WHAT YOU HAVE TO DO
Leave every picture out and write out the records below exactly.

Stored records:
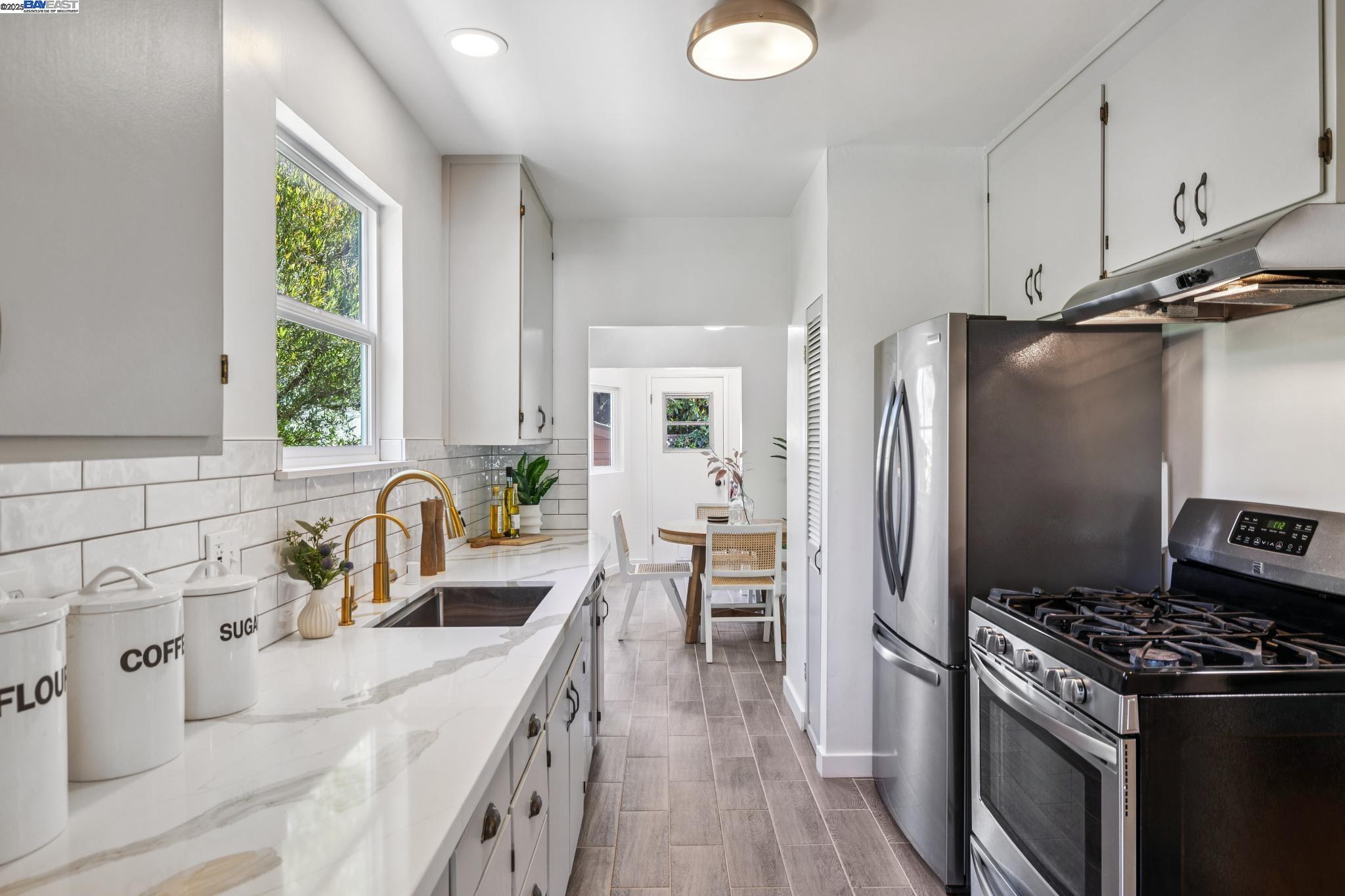 1336 Fernside
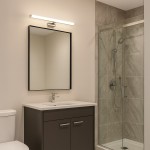 Mirore kinkiet L60 LED 10W 4000K IP44 w kolorze srebrnym, zamontowany nad prostokątnym lustrem w łazience. Oświetlenie w formie wąskiego, prostokątnego panelu, emitujące chłodne światło. Tło w neutralnych odcieniach z ciemną szafką i szklanym prysznicem.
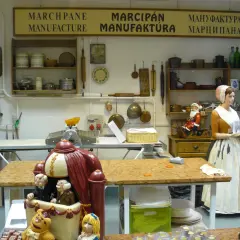 Wystawa w muzeum marcepanu Eger: kuchnia z manekinami, narzędziami i słodkimi dekoracjami.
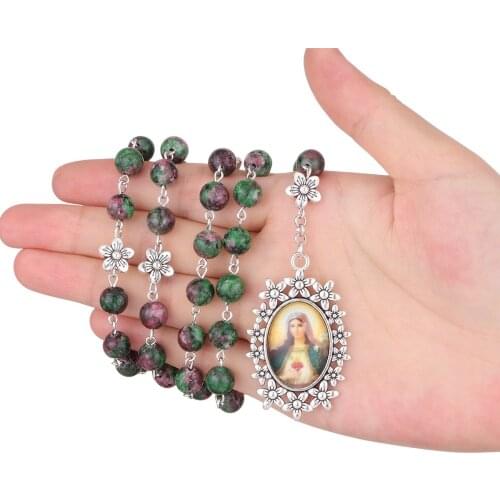 Green Natural Stone Devotional Rosary Bead Necklace Virgin Mary Center Pendant Necklace Religious Catholic Prayer Jewelry Gift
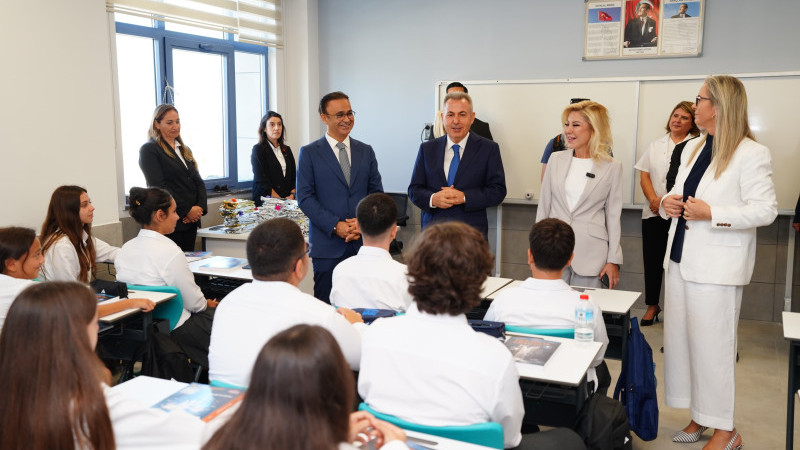 Vali Elban ve protokol, Güzelbahçe 60. Yıl Anadolu Lisesi açılışında öğrencilerle buluştu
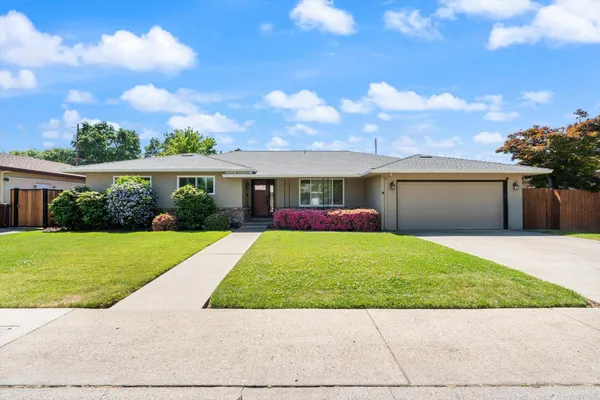 $989,500 | 5808 O Street, Sacramento, CA 95819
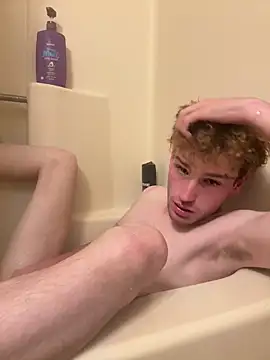 Snapshot of CreamyAustin chatting on 10/14/25, 09:37 CreamyAustin online show from 10/14/25, 09:37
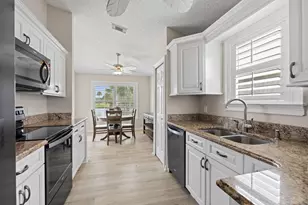 550 Paurotis Ln, Fort Pierce, FL 34982 - Photo 10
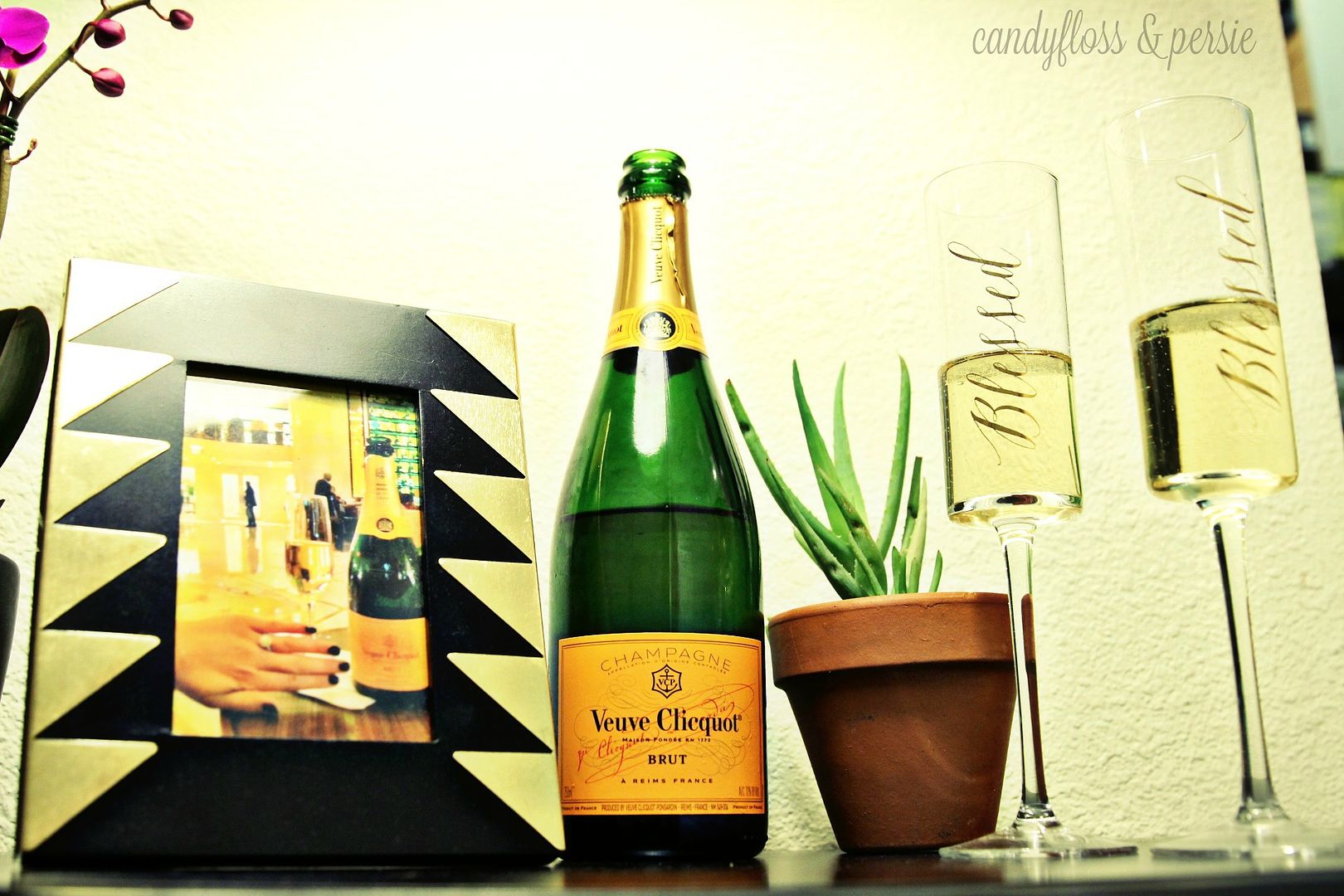Veuve Clicquot, Cheers, Engagement, champagne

WRITTEN RESPONSE
 1336 Fernside
 Mirore kinkiet L60 LED 10W 4000K IP44 w kolorze srebrnym, zamontowany nad prostokątnym lustrem w łazience. Oświetlenie w formie wąskiego, prostokątnego panelu, emitujące chłodne światło. Tło w neutralnych odcieniach z ciemną szafką i szklanym prysznicem.
 Wystawa w muzeum marcepanu Eger: kuchnia z manekinami, narzędziami i słodkimi dekoracjami.
 Green Natural Stone Devotional Rosary Bead Necklace Virgin Mary Center Pendant Necklace Religious Catholic Prayer Jewelry Gift
 Vali Elban ve protokol, Güzelbahçe 60. Yıl Anadolu Lisesi açılışında öğrencilerle buluştu
 $989,500 | 5808 O Street, Sacramento, CA 95819
 Snapshot of CreamyAustin chatting on 10/14/25, 09:37 CreamyAustin online show from 10/14/25, 09:37
 550 Paurotis Ln, Fort Pierce, FL 34982 - Photo 10
Veuve Clicquot, Cheers, Engagement, champagne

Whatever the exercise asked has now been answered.